Cardinal George Pell, who is the Vatican’s financial chief, made the church’s most conciliatory and detailed comments yet regarding accusations of sexual abuse of hundreds of Australian children in the 1970s and 1980s in testimony to a government-appointed Royal Commission.

“It certainly was much, much more difficult for the child to be believed then. The predisposition was not to believe,” Cardinal Pell, 74 years old, told the Australia-based inquiry by video-link from Rome. “The instinct was more to protect the institution, the community of the church, from shame.”

The Australian panel was formed in 2012 to investigate accusations of serious child abuse over decades within institutions including churches, schools, orphanages and sporting clubs. It will eventually report back to government.

Cardinal Pell has testified to the long-running inquiry previously, and to a separate investigation by lawmakers in Victoria state, where he was Archbishop of Melbourne from 1996 to 2001 and devised a system to deal with abuse complaints.

Some of the offenses allegedly took place when Cardinal Pell was a junior priest in the Australian town of Ballarat decades ago. The panel isn’t investigating Cardinal Pell or any individual priest over alleged abuse. From priest, he rose to become the top church official in Australia and now one of the most influential officials at the Vatican.

Many of the priests at the center of the Australian abuse allegations have been convicted and sentenced to prison.

In the past, some of the most incendiary accusations have been against Catholic clergy, with victims accusing senior church leaders of attempting to paper over abuse claims, shifting priests between congregations rather than reporting their alleged behavior to police and even destroying records.

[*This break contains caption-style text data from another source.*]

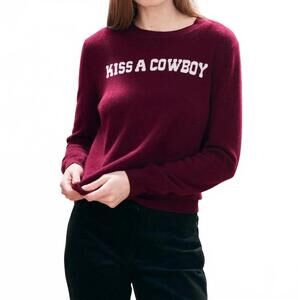 NEW JUMPER1234 kiss a cowboy crew sweater in burgundy
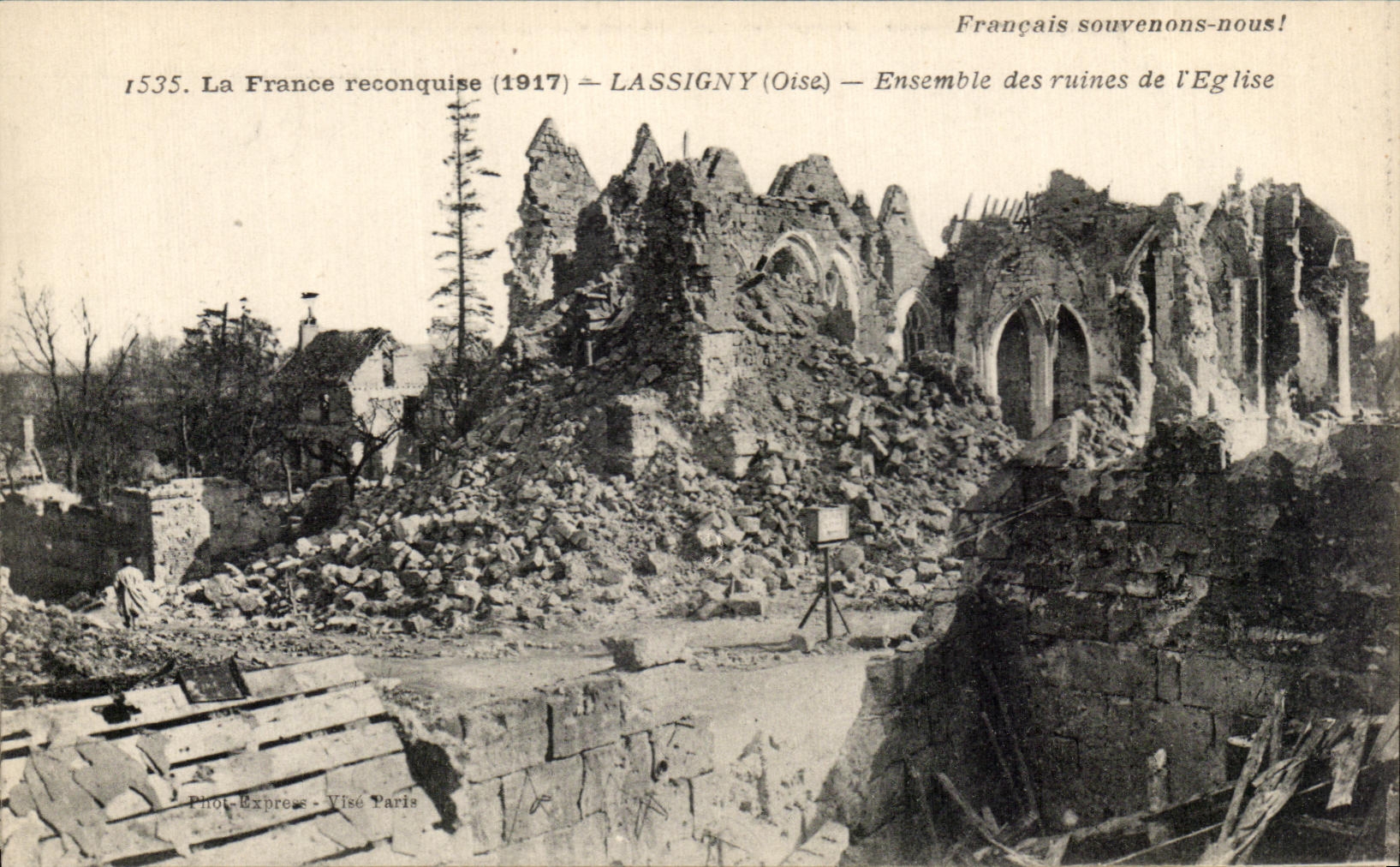 CPA reconquered France 1917 Lassigny Oise Together of the ruins of I Militaria Church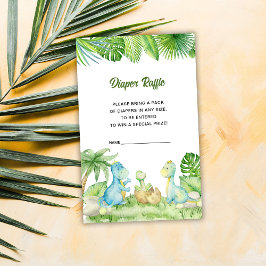 Dinosaur Baby Shower Diaper Raffle Tilläggskort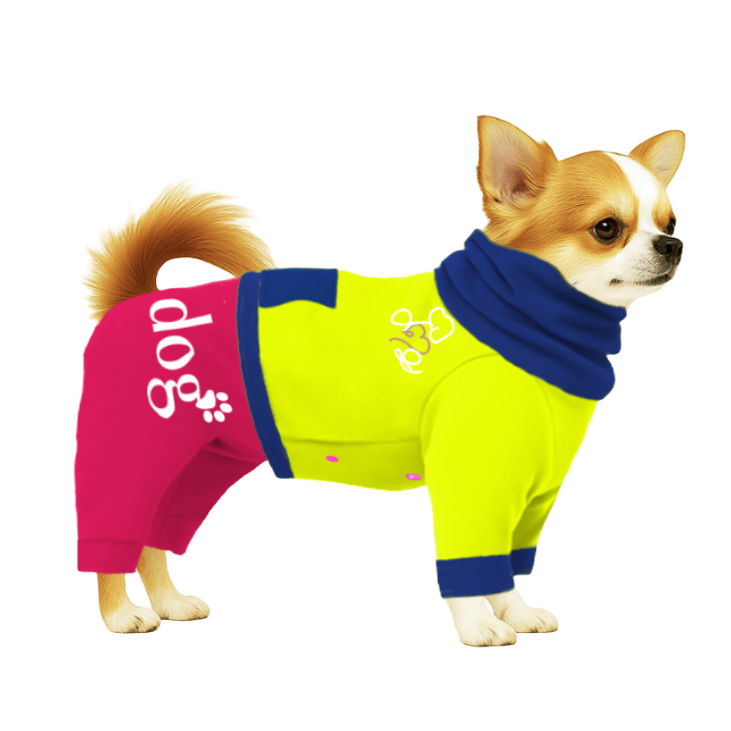 【ハイネックタイプ】スウェット生地-イエロー×ショッキングピンク×ブルー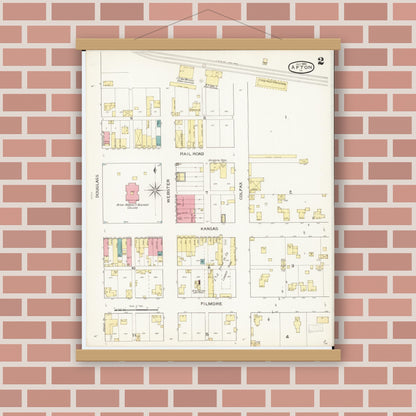 Old map wall art mockup — magnetic wood frame on brick wall — Sanborn Fire Insurance Map from Afton, Union County, Iowa (1893), Sheet #0002
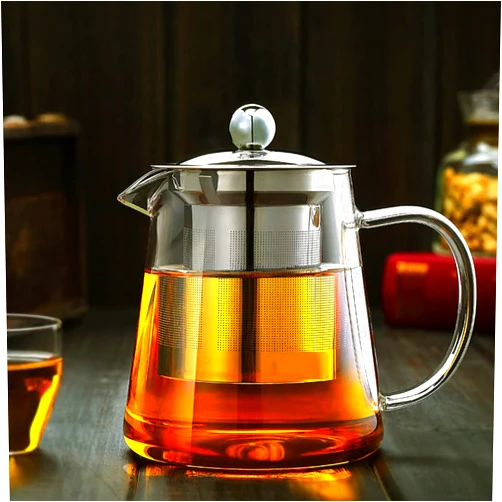 XINHUISHQZ Glass Teapot with Removable Stainless Steel Infuser, Borosilicate Glass Tea Pot with Strainer,for Blooming Tea & Loose Leaf Tea, Microwave & Stovetop Safe (33OZ)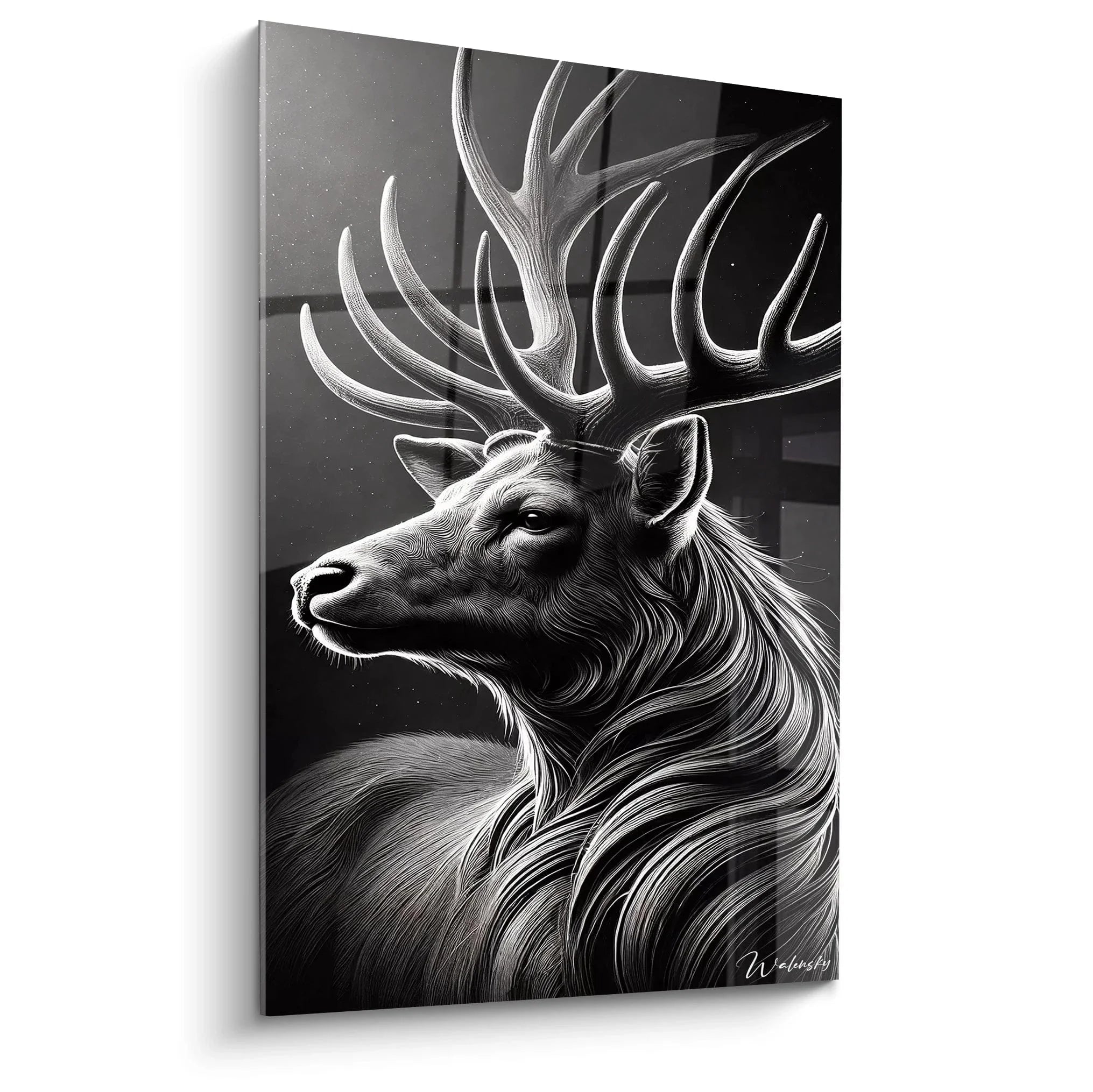 Wandbild Hirsch Portrait schwarz-weiß mit majestätischem Geweih - elegante Wandkunst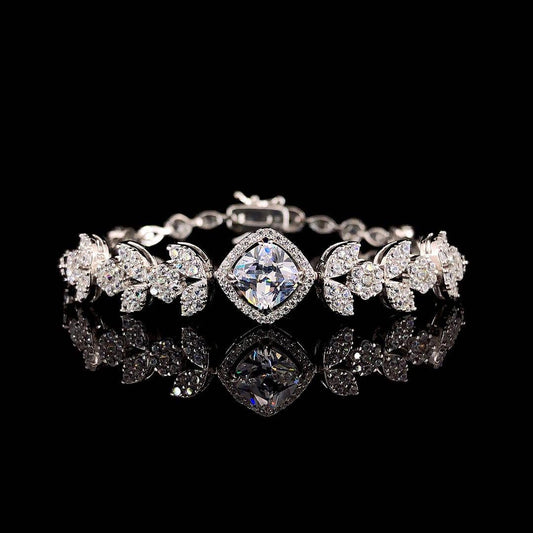 Majestic Sterling Silver Zircon Floral Bracelet - ZYLVER.IN #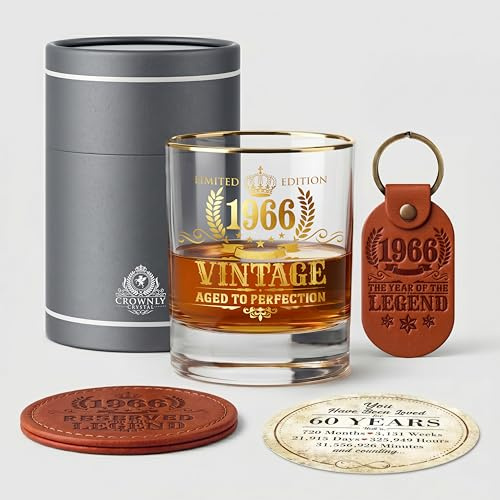 Vaso Whisky 1966 Regalo Hombre 60 Años Cumpleaños Ideas Regalos Originales para Papá Marido Copa Vintage Degustación Ron y Gin Decoración Fiesta 60 Aniversario Navidad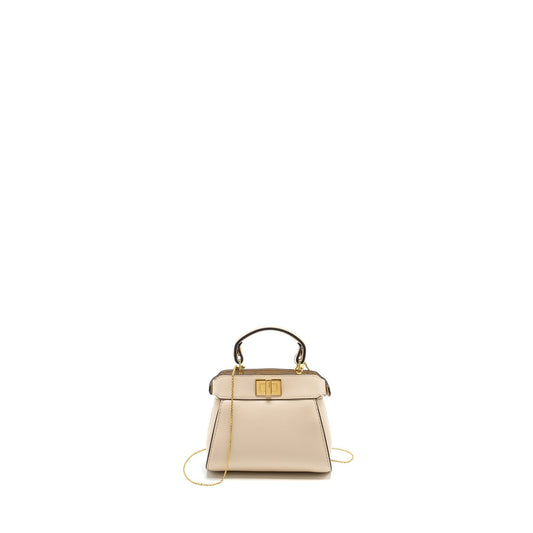 Fendi Nano Peekaboo Handbag Lambskin White Travel Bag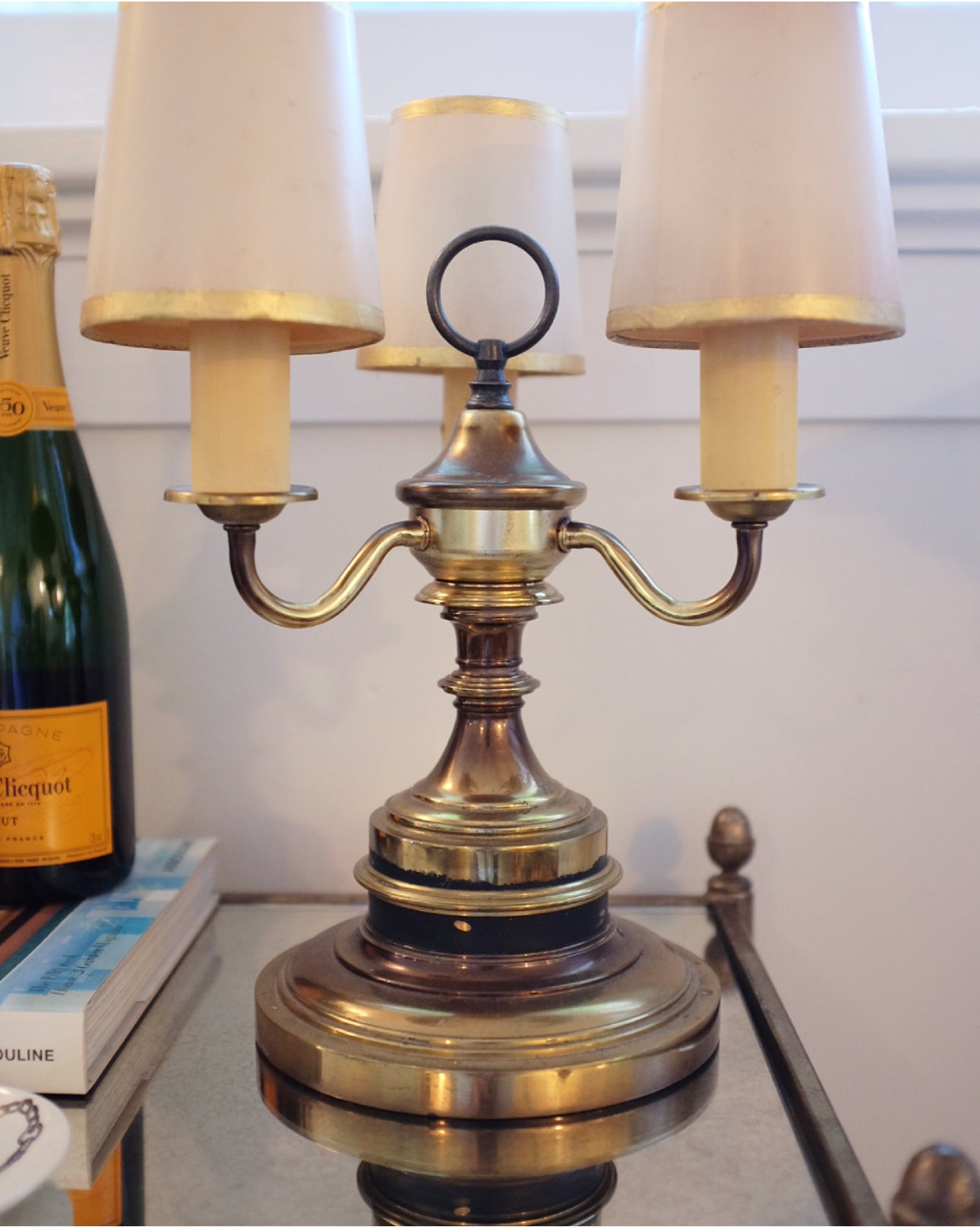 Brass Table Lamp with Cream & Gold Shades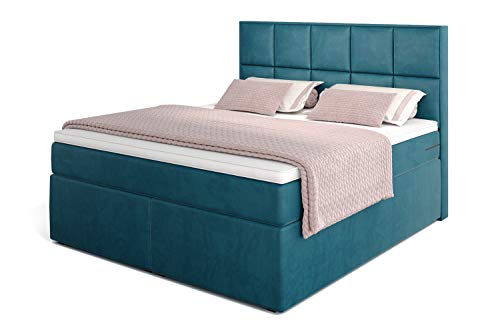 Betten Jumbo Dream Boxspringbett 180x200 mit 7-Zonen TFK Härtegrad H4 und Visco-Topper | Farbe Velour-Petrolblau | div. Größen verfügbar von Betten Jumbo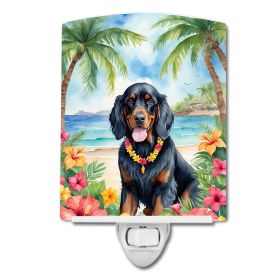 NEW Gordon Setter Luau Ceramic Night Light Compact, UL-Certified, Ideal for Bedroom, Bathroom, Nursery, Hallway, Kitchen, 6x4x3, Multicolor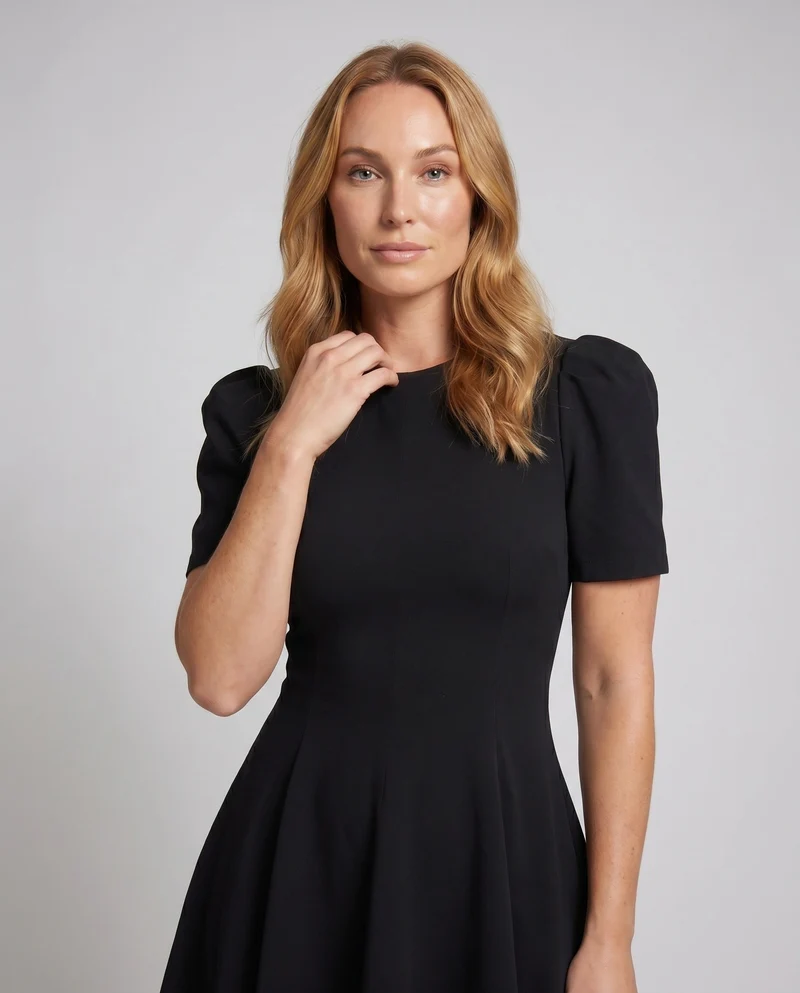 Damen Elegantes Kurzkleid mit Puffärmeln und fließendem Schnitt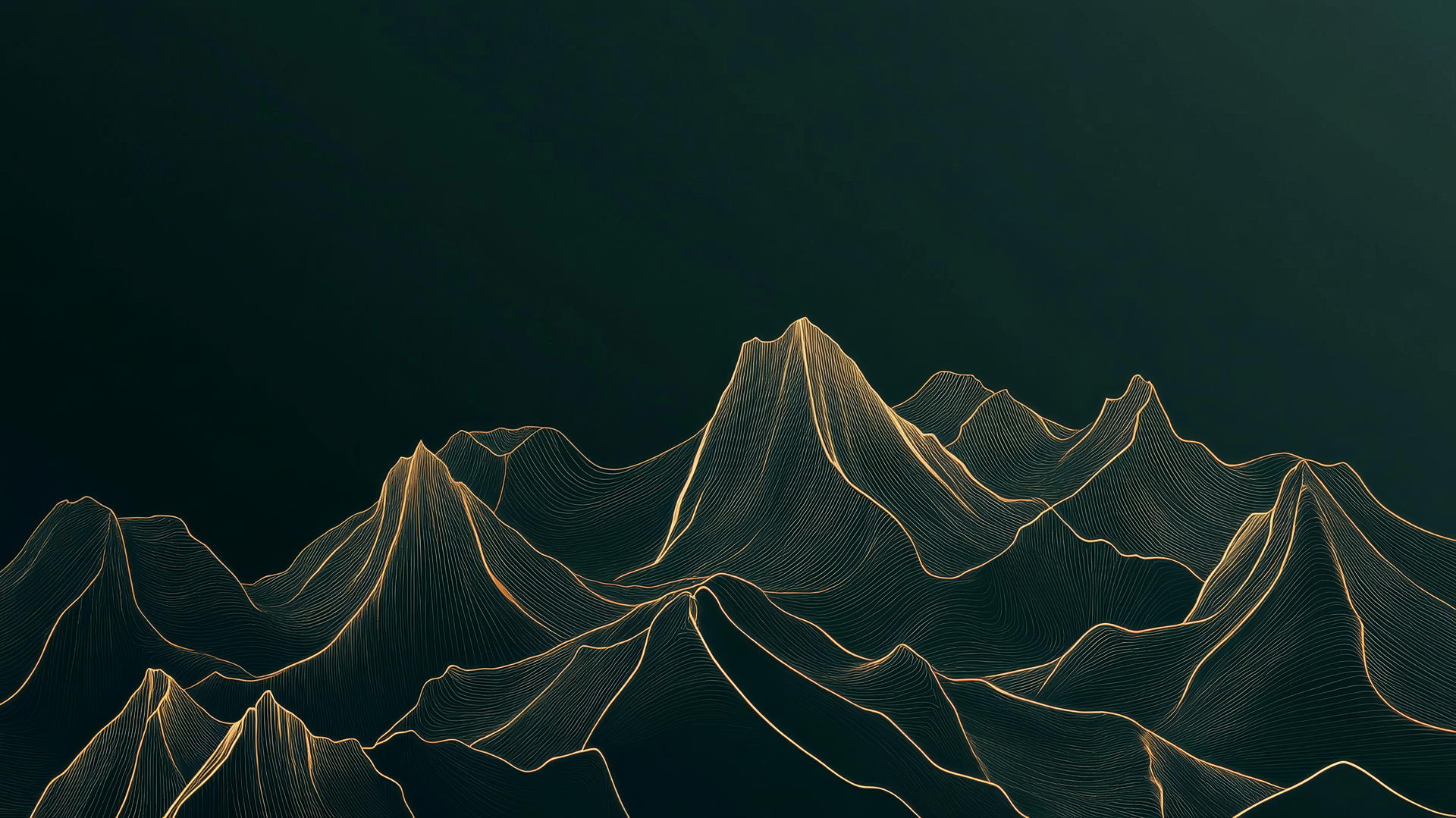 dark green wallpaper with a gold line drawing of a mountain range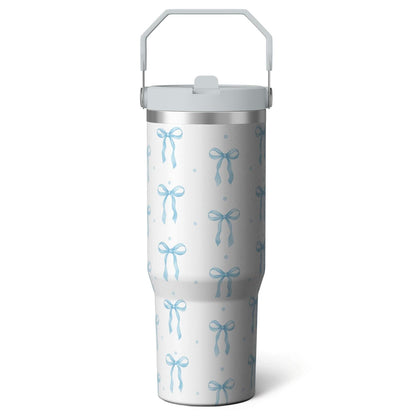 1pc Blue bow 30oz Tumbler with Straw & Handle - Insulated Stainless Steel Cup | Holiday Gift for Man Women (Christmas, Valentine's, Birthday)
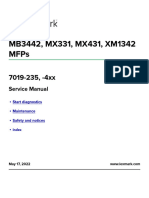 Lexmark mb3442 mx331 mx431 xm1342 Mfps 7019 235 4xx Service Manual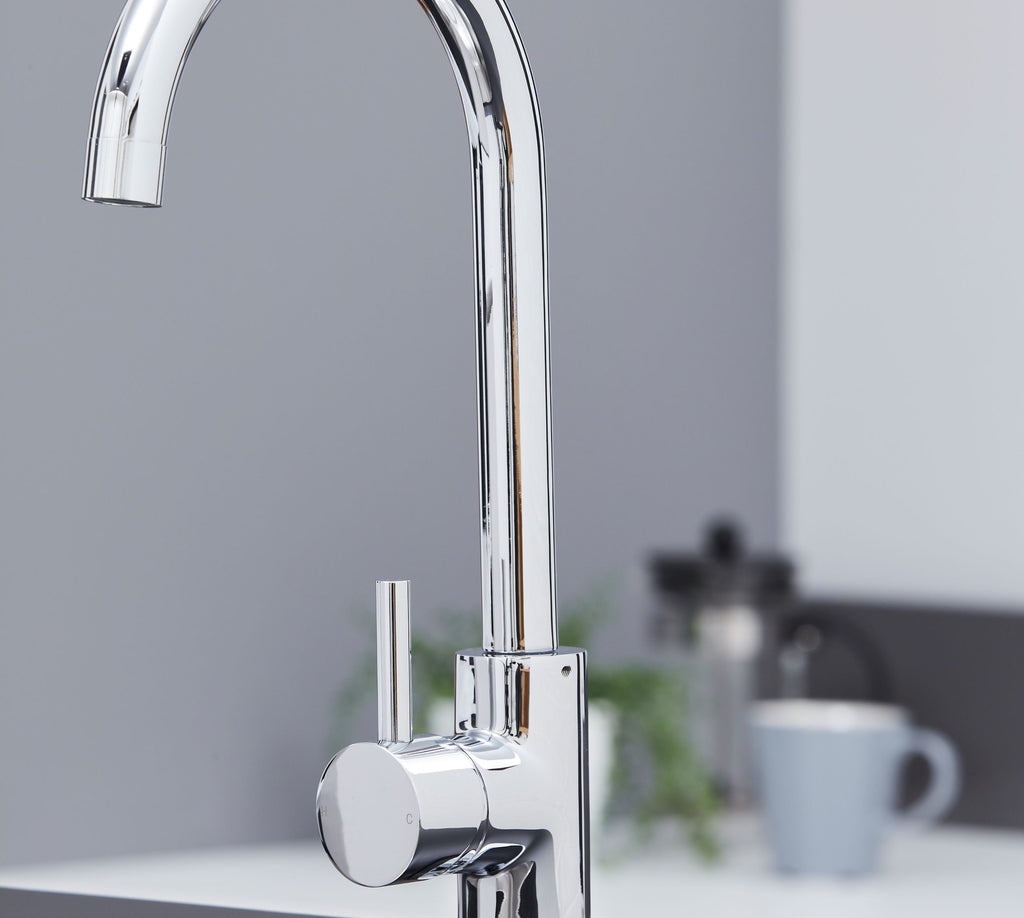 Elera Single Lever Swan Neck Mono Bloc Tap - Chrome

Cardinal Pell on Monday called any such acts “unacceptable.”

At the opening of a scheduled multi-day appearance, Cardinal Pell said that after reviewing one of the worst cases of clerical abuse involving former Ballarat priest and convicted pedophile Gerald Ridsdale he had concluded that the handling of the case by a senior bishop was “a catastrophe for the victims and a catastrophe for the church. If effective action had been taken earlier, an enormous amount of suffering would have been avoided.”

Cardinal Pell said while he had heard rumors of sexual abuses during his time in Ballarat, and later in Melbourne, he couldn’t recall substantive accusations, though he told the inquiry “my memory is sometimes fallible.”

Rumors of a member of the Christian Brother religious order kissing students at a Ballarat school, or swimming nude with boys, were dismissed as “eccentricities” of an elderly cleric, Cardinal Pell said, adding that naked swimming was relatively common in Australia decades ago. “No improprieties were ever alleged to me,” Cardinal Pell said.

The predisposition of the church during the worst alleged abuses in the 1970s and 80s had been not to trust children or even adults making “very, very, very plausible” allegations of misbehavior by pedophile priests, he said.

Cardinal Pell said he had also made errors of judgment after hearing rumors of abuse, choosing to accept the denials of priests rather than investigate the allegations of children involved.

“In those days, if a priest denied such activity, I was very strongly inclined to accept the denial,” he said.

“I’m not here to defend the indefensible,” Cardinal Pell said. “The church has made enormous mistakes and is working to remedy those. But the church in many places, certainly in Australia, has mucked things up, has let people down.”

The prelate is the equivalent of the Vatican’s treasurer. He also sits on the 9-member Council of Cardinals, known as the G9, which Pope Francis established in 2013 to advise him on Vatican reform and church governance.

The Catholic Church is Australia’s largest, representing almost a quarter of the population with 5.4 million followers.

Cardinal Pell testified from Rome because he was too ill to travel to Australia. In attendance during his testimony were about 20 survivors of abuse or their family members who had traveled to Italy after raising more than $100,000 in a crowdfunding campaign.

Some of those people from Australia who watched Cardinal Pell give evidence in a Rome hotel wore red T-shirts that included the words: “Some don’t remember, some never forget.”